Is it possible to take this approach, which is not common enough at an individual level, and apply it at a population level?

在加拿大,Canadian Agency For Drugs And Technologies In Health (CADTH) Common Drug Reviewrecommends which new drugs should receive public funding. Not all new drugs receive funding; public drug budgets are not limitless. Efficacy was demonstrated in clinical trials for the drug to be sold, but is each drug worth its price tag?

Unsurprisingly, when asked, clinicians, researchers, economists, and patients can have different ideas on what should be considered to determine a drug’s value.

2010年,在我们评估药物的临床和成本效益之前,Cadth开始询问加拿大患者群体对患者真正重要的治疗结果。

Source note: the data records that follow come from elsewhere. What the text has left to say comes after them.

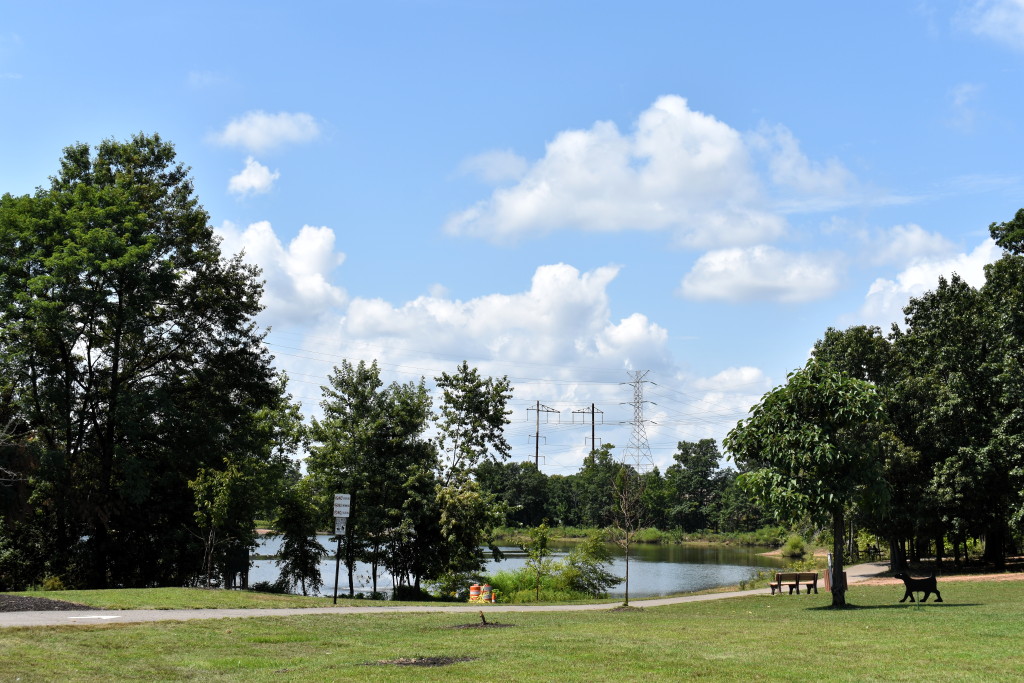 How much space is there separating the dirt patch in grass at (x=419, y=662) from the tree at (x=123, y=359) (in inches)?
910

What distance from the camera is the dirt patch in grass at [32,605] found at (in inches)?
732

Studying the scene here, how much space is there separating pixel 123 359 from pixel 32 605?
19626mm

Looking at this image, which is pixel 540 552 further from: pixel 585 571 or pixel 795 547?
pixel 795 547

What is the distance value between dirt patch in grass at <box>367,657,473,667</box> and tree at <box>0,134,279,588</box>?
75.8 ft

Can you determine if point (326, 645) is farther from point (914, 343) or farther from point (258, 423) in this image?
point (914, 343)

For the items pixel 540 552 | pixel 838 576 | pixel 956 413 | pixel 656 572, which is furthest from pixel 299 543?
pixel 956 413

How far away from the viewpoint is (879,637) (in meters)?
14.8

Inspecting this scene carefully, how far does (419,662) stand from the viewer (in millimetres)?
12398

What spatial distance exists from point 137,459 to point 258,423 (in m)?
5.09

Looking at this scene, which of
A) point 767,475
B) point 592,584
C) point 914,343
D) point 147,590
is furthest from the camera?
point 914,343

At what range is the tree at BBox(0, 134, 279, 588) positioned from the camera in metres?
32.1

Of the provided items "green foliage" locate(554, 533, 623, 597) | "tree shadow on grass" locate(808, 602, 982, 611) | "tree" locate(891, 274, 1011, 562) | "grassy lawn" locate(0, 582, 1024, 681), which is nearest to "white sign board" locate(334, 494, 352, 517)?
"grassy lawn" locate(0, 582, 1024, 681)

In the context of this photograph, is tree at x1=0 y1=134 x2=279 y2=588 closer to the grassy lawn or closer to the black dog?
the grassy lawn

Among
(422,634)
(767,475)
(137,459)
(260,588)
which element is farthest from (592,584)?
(422,634) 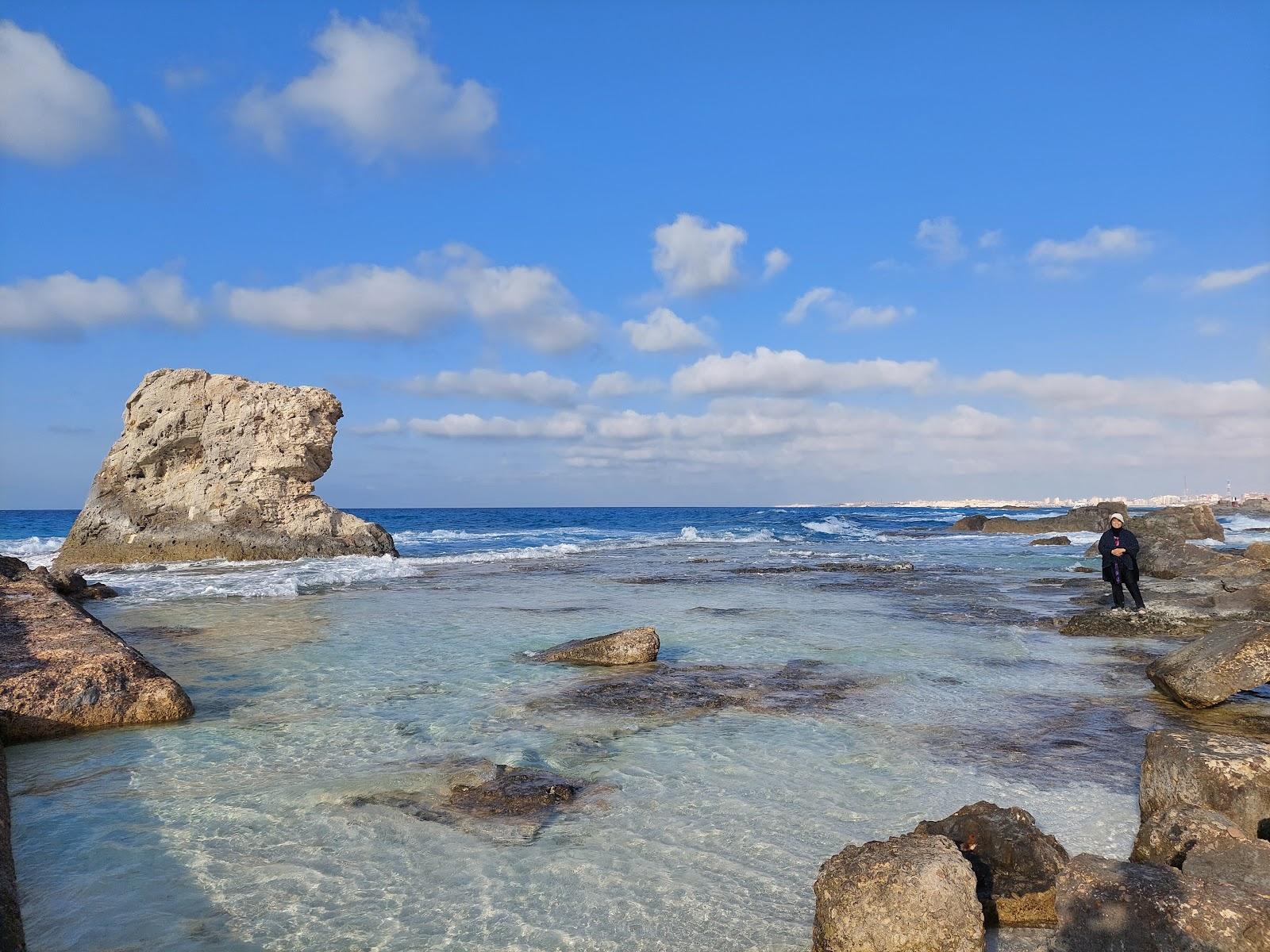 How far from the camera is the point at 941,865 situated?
3.46 meters

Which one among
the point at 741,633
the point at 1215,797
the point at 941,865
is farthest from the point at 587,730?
the point at 741,633

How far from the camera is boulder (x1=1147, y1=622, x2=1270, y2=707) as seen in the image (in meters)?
7.29

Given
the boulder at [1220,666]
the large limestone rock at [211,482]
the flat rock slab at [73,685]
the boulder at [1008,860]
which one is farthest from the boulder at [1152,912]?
the large limestone rock at [211,482]

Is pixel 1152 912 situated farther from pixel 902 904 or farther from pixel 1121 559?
pixel 1121 559

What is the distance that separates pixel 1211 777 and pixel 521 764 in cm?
445

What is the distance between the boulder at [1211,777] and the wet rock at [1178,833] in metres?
0.36

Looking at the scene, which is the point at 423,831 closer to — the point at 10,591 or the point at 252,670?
the point at 252,670

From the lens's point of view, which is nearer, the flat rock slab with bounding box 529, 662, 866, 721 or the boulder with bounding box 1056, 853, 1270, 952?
the boulder with bounding box 1056, 853, 1270, 952

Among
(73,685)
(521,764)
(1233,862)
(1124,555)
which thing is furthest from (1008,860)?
(1124,555)

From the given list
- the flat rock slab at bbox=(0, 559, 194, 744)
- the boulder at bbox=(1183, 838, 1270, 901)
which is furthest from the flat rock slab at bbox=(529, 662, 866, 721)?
the boulder at bbox=(1183, 838, 1270, 901)

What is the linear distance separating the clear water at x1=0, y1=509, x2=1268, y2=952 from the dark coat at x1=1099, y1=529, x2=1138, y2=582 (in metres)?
2.01

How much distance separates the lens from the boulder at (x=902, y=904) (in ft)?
10.9

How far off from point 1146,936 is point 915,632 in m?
9.73

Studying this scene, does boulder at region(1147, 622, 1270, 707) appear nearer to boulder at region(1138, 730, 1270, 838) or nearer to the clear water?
the clear water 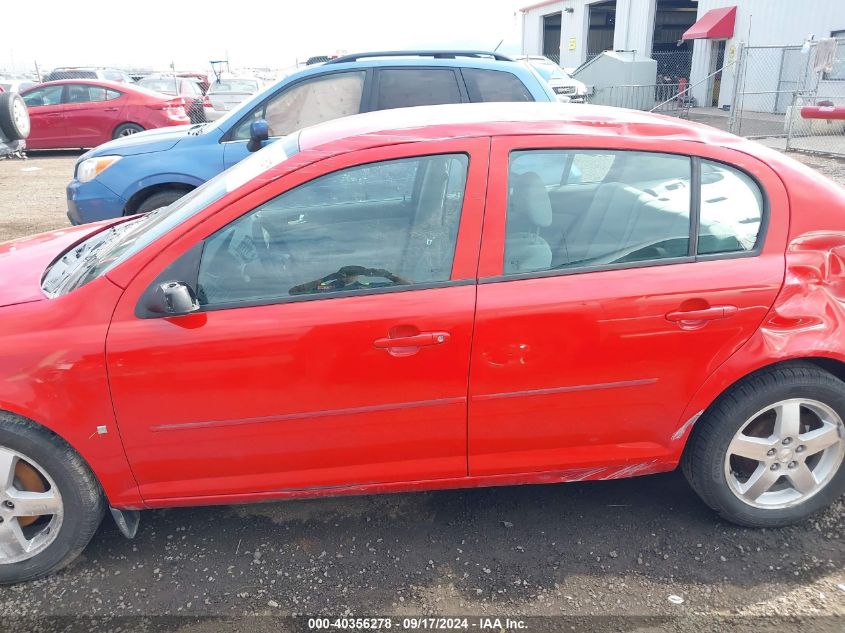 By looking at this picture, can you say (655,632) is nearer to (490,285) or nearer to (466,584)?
(466,584)

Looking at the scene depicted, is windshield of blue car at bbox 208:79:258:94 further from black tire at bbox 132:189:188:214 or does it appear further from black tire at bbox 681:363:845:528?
black tire at bbox 681:363:845:528

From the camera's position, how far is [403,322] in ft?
7.57

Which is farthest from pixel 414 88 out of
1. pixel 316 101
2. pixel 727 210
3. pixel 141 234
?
pixel 727 210

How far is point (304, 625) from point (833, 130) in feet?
50.7

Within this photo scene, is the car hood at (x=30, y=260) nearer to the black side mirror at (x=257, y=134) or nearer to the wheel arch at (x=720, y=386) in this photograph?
the black side mirror at (x=257, y=134)

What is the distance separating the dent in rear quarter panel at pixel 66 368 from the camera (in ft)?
7.47

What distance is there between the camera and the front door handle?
7.57ft

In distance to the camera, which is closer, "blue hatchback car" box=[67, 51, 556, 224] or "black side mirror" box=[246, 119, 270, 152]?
"black side mirror" box=[246, 119, 270, 152]

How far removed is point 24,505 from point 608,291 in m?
2.30

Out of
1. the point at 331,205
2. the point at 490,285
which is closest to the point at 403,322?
the point at 490,285

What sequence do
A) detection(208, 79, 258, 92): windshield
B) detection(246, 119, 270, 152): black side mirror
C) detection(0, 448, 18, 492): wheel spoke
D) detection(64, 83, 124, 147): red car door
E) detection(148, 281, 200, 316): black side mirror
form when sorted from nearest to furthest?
detection(148, 281, 200, 316): black side mirror < detection(0, 448, 18, 492): wheel spoke < detection(246, 119, 270, 152): black side mirror < detection(64, 83, 124, 147): red car door < detection(208, 79, 258, 92): windshield

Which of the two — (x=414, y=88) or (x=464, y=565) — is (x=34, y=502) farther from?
(x=414, y=88)

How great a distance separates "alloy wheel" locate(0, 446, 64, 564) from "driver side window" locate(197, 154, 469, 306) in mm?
911

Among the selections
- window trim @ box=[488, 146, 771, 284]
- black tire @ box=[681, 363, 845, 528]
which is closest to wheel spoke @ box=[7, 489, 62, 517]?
window trim @ box=[488, 146, 771, 284] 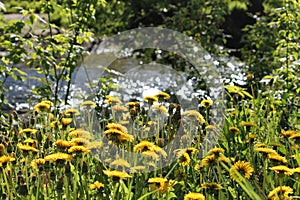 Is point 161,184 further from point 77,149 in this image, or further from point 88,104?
point 88,104

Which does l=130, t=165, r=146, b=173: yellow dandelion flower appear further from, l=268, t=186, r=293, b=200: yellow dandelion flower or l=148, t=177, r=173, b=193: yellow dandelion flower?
l=268, t=186, r=293, b=200: yellow dandelion flower

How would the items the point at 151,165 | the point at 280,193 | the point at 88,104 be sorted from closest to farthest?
the point at 280,193
the point at 151,165
the point at 88,104

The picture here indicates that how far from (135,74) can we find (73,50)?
2785mm

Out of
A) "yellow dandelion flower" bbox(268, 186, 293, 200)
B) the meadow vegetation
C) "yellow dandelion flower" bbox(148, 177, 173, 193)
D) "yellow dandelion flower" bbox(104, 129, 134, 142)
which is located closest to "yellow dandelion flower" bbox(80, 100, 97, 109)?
the meadow vegetation

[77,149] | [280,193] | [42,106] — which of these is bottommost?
[280,193]

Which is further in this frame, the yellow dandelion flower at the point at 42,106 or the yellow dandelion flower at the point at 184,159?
the yellow dandelion flower at the point at 42,106

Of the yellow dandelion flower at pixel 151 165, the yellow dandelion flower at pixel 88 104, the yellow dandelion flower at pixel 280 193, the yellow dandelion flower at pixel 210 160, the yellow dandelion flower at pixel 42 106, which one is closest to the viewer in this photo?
the yellow dandelion flower at pixel 280 193

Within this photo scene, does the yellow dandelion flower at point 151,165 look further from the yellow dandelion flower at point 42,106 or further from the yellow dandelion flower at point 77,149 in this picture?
the yellow dandelion flower at point 42,106

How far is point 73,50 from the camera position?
3.37m

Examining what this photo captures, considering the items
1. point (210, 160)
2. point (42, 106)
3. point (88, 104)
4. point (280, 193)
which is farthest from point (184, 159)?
point (88, 104)

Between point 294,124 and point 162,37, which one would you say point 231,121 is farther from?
point 162,37

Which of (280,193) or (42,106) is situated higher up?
(42,106)

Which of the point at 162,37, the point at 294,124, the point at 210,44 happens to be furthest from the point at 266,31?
the point at 294,124

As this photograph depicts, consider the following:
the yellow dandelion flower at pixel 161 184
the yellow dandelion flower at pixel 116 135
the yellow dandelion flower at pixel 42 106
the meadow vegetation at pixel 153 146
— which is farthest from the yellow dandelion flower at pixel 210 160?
the yellow dandelion flower at pixel 42 106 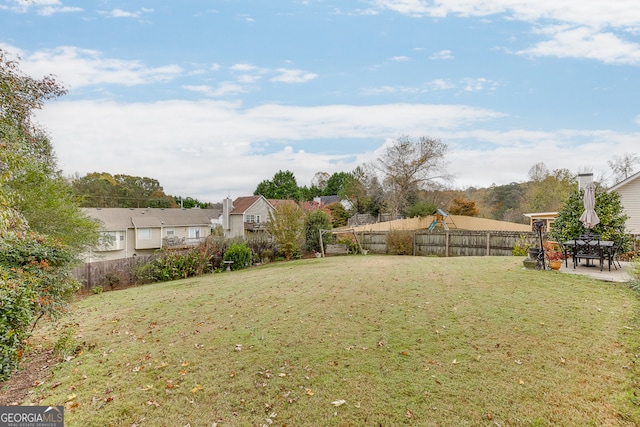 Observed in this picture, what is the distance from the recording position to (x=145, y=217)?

The multiple insights from the patient groups are used to develop each drug assessment’s protocol, and later on, to understand the life-world relevance of trial data included in the assessments.

结果我们的研究,published today inResearch Involvement and Engagement,证明可以将单个患者见解纳入人群水平的药物评估。

结果我们的研究,published today inResearch Involvement and Engagement,证明可以将单个患者见解纳入人群水平的药物评估。Insights from patients were used to set outcomes of importance to determine a drug’s value, and by the expert committee to understand the clinical significance of the results of the assessment.

From patients, we heard about symptom relief, slower disease progression, and avoiding death. These outcomes were often tracked in clinical trials.

However, we also heard insights on avoiding hospitalization, reducing the need for rescue medications, lowering costs for treatment, avoiding dependence upon a caregiver, and having the mental and emotional ability to engage in daily life, and more. All of these insights were infrequently captured in clinical trials.

我们并不孤单地发现患者的治疗优先级与研究人员研究的人之间的不匹配。

As patients become more engaged in health research, the things that matter most to patients will be increasingly incorporated into clinical trials.

在英国,James Lind Alliancebrings patients, caregivers, and clinicians together to identify and prioritize the ‘Top 10 unanswered questions’ about the effects of treatments. In 2015,Sally Crowe and colleagues,将患者和临床医生优先处理的治疗与研究人员研究的治疗方法相比,发现明显的差异。

As patients become more engaged in health research, the things that matter most to patients will be increasingly incorporated into clinical trials. Clinicians, at an individual level with their patients, and policy-makers, at a population level, will then have the data to address priorities identified by patients. Patients: those who tolerate side effects, who accept risks, who balance family life to accommodate treatment, and hopefully, who become or remain well.